С черного хода жарким июньским днем мы и пожаловали. И как только выбрались из привокзальной толчеи, так и пошли, и пошли — остановиться не могли! — улицей платанов в их просторной тени с прорывами солнца на перекрестках, улицей балконов в диком винограде, двориков в диком винограде, улицей, раскатившейся от привокзального сквера до цветущего Приморского бульвара — до самого синего моря.

Просыпаемся с первой над окном пичужкой, настраивающей свою тонюсенькую свистульку. В заревой прохладе двора окупываемся из-под колонки, вспоминая Александра Сергеевича — его: тут недостаток важный — чего б выдумали? — Воды. И отправляемся на свиданье с городом.
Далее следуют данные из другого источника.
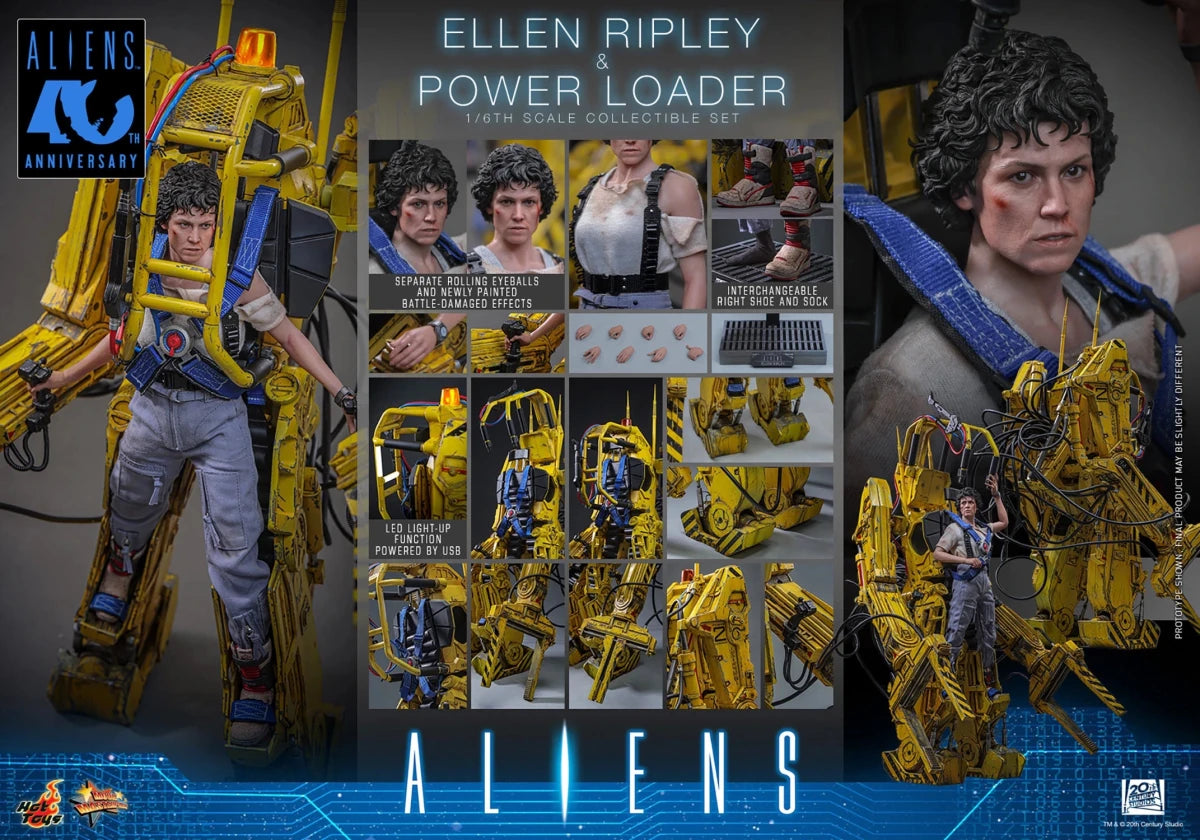 Hot Toys - Aliens: Ellen Ripley and Power Loader - 1/6 Scale Figure Set (Pre-Order)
В рассветной пустынности улиц он весь как на ладони — каждой лепниной, каждым карнизом к твоему вниманью. Солнце и крыш не коснулось еще, обещается только где-то. И такая тишина стоит, что сипенье забытого на газоне шланга далеко-далеко слышно.

Набродившись, наглазевшись, заглядываем в открывшуюся дверь кофейни. Перед нами загораживающий проход стул убирают.

— Проходьте, сидайте.

Проходим, садимся у окна под выдуваемый сквознячком тюль. Две официантки, обслужив нас, поглядывают на странную пару, перешептываясь. На свежатинку, мол, потянуло седовласого очкарика. Нет чтобы девушку с глазами дикой серны вспомнить, что полюбил суровый капитан. Совсем другая музыка бы.

А по городу уже машины замелькали, заспешили прохожие — одни с авоськами, другие с портфелями — кто куда. Одесса загалдела, горластая.